Search code examples
pythonxmlxsltsaxon-c

saxonc's transform_to_file(), executed in a loop, doesn't transform but gives non-sensical errors or partial output


My transformation stylesheet file contains:

<?xml version="1.0" encoding="UTF-8"?>
<xsl:stylesheet xmlns:xsl="http://www.w3.org/1999/XSL/Transform" version="1.0">
    <xsl:output method="xml" encoding="UTF-8" indent="yes"/>
    <xsl:template match="/">
        <cities>
            <xsl:for-each select="cities/country">
                <city name="{@capital}" isCapital="true"/>
            </xsl:for-each>
        </cities>
    </xsl:template>
</xsl:stylesheet>

My python code:

import os
import xml.etree.ElementTree as ET
from saxonpy import PySaxonProcessor

def main():
    print('starting code...')
    source_XML = '''
        <data>
            <country name="Denmark" capital="Copenhagen"/>
            <country name="Germany" capital="Berlin"/>
            <country name="France" capital="Paris"/>
        </data>
    '''
    parentroot = ET.fromstring(source_XML)
    children = list(parentroot)

    # create individual raw xmls
    cnt = 0
    for child in children:
        cnt = cnt + 1
        childroot = ET.Element("cities")
        childroot.append(child)
        tempfile_tree = ET.ElementTree(childroot)
   
        # tempfile = "C:\\pythonProject\\stackoverflow\\tmp.xml"
        # tempfile = "C:\\gaga\\tmp.xml"
        # tempfile = os.path.abspath("tmp.xml")
        tempfile = "tmp.xml"

        transformedfile = f"output_{cnt}.xml"
        with open(tempfile, 'wb') as f:
            tempfile_tree.write(f, encoding='utf-8', xml_declaration=True)

        try:
            with PySaxonProcessor(license=False) as proc:
                proc.set_cwd(os.getcwd())
                xsltproc = proc.new_xslt30_processor()
                xsltproc.transform_to_file(source_file=tempfile,
                                           stylesheet_file="transformer.xsl",
                                           output_file=transformedfile)
                print(f"{transformedfile} has been created.")
        except Exception as e:
            print(e)

if __name__ == "__main__":
    main()

my problem

I have saxonpy imported. I'm trying to run saxonc's transform_to_file() inside a loop. I'm unable to get the transformed output files. Depending on what I set for tempfile, i get

        #   I/O error reported by XML parser processing C:\pythonProject\stackoverflow\░╚╒E ⌂:
        #   unknown protocol: c. Caused by java.net.MalformedURLException: unknown protocol: c

or

Content is not allowed in prolog
(this is definitely not the case, I checked the tempfile with a hexeditor)

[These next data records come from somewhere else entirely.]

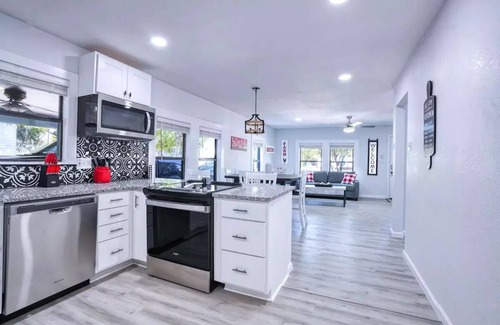 Belton House | Spacious 3/2, Gameroom mins DT Belton & Temple
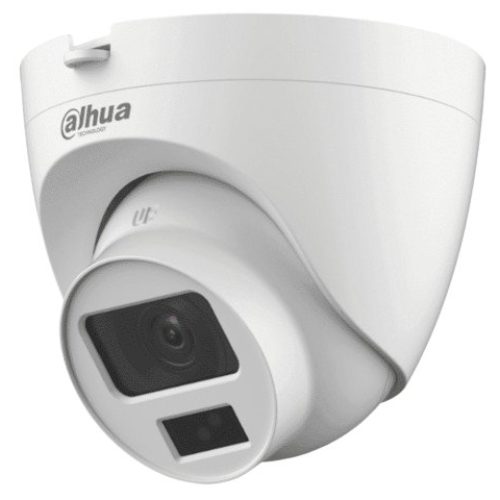 Cámara CCTV Dahua DH-HAC-HDW1200CLQN-IL-A – 2MP – Domo – 2.8mm – IR 20M – Micrófono Integrado – DH-HAC-HDW1200CLQN-IL-A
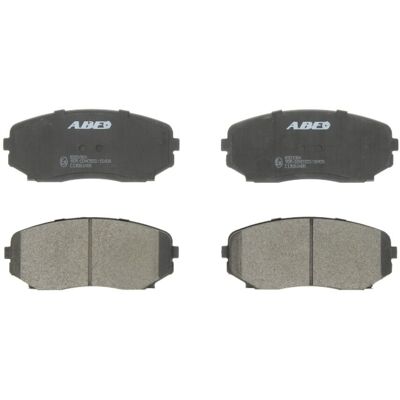 ABE C13061ABE Vorderbremsbeläge - Bremsbeläge ABE C13061ABE Vorderbremsbeläge - Bremsbeläge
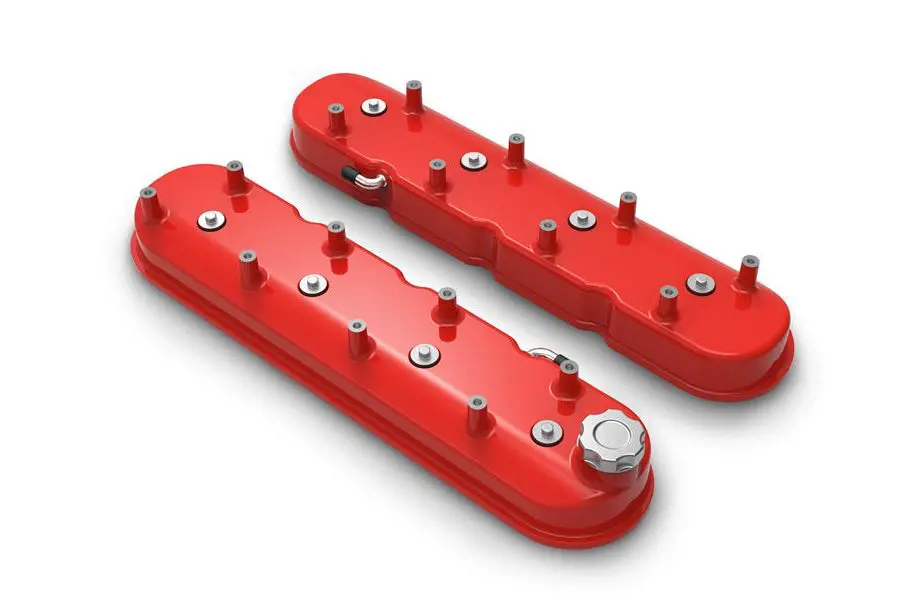 Ls Aluminum Holley Tall Valve Covers 1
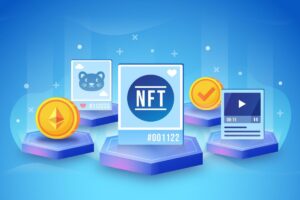 Illustration of NFT investment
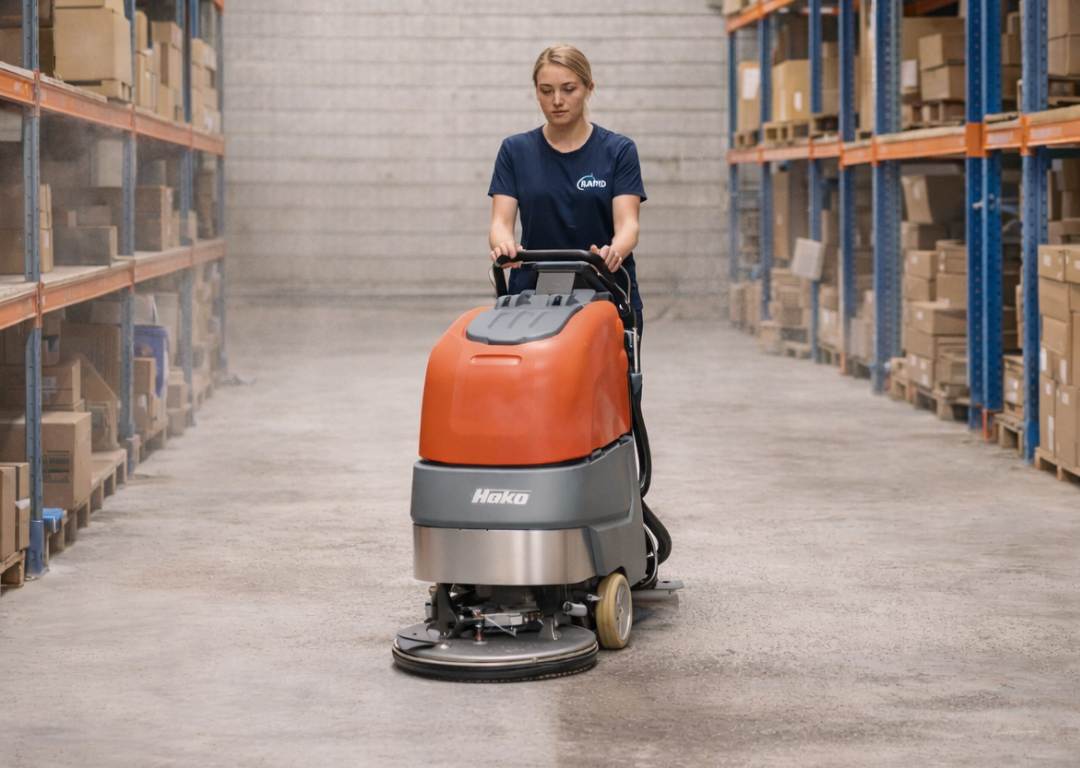 Csarnok és ipari terület takarítás raktárban Budapesten és Pest megyében Rapid Takarítás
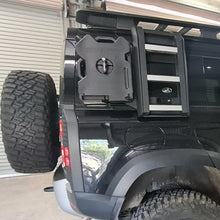 Load image into Gallery viewer, New Defender Ladder mounted Rotopax Mount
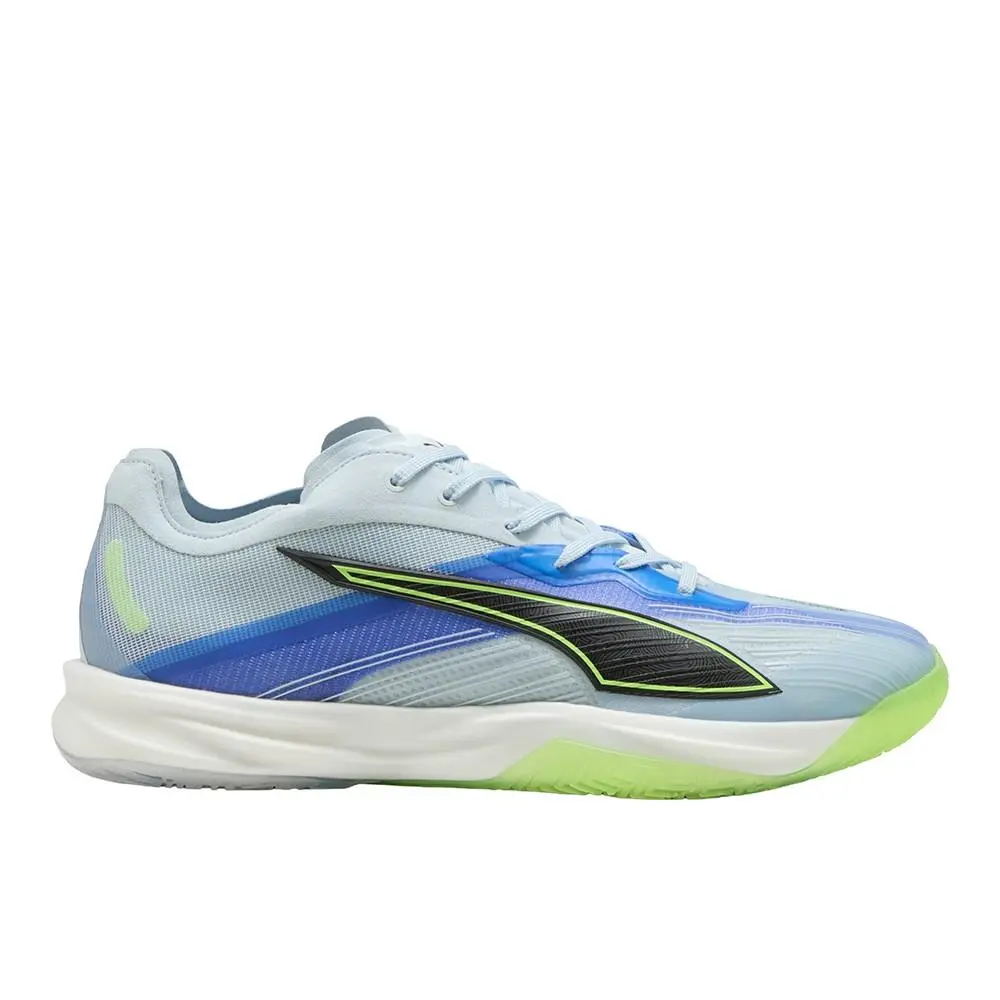 Accelerate Nitro Sqd 5 Court Mens Blue Sneakers Athletic Shoes 10901601 by Puma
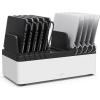 Belkin Store and Charge W/ Fixed Dividers – AC Classroom Charging Station for Laptops & Tablets Organization iPad Up To 10 Devices Including iPads, More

or no error but output file containing only:

        # <?xml version="1.0" encoding="UTF-8"?>
        # <cities/>

but also correct outputs (but I can't reproduce it anymore).

Note: I disabled MAX_PATH when installing python 3.10. Note: using Pycharm with poetry venv


Solution

  • With Apply_templates_returning_file() it works:

    import os
    import xml.etree.ElementTree as ET
    from saxonpy import PySaxonProcessor
    
    def main():
        print('starting code...')
        source_XML = '''
            <data>
                <country name="Denmark" capital="Copenhagen"/>
                <country name="Germany" capital="Berlin"/>
                <country name="France" capital="Paris"/>
            </data>
        '''
        parentroot = ET.fromstring(source_XML)
        children = list(parentroot)
    
        try:
            with PySaxonProcessor(license=False) as proc:
                proc.set_cwd(os.getcwd())
                xsltproc = proc.new_xslt30_processor()
                xslt30_transformer = xsltproc.compile_stylesheet(stylesheet_file="transformer.xsl")
    
                cnt = 0
                for child in children:
                    cnt = cnt + 1
                    childroot = ET.Element("cities")
                    childroot.append(child)
                    tempfile_tree = ET.ElementTree(childroot)
    
                    tempfile = "tmp_1234567890ABCDEFGHIJKLMNOP.xml"
                    transformedfile = f"output_{cnt}.xml"
    
                    with open(tempfile, 'wb') as f:
                        tempfile_tree.write(f, xml_declaration=True)
    
                    xslt30_transformer.apply_templates_returning_file(source_file=tempfile,
                                                                      output_file=transformedfile)
                    print(f"{transformedfile} has been created.")
    
        except Exception as e:
            print(e)
    
    if __name__ == "__main__":
        main()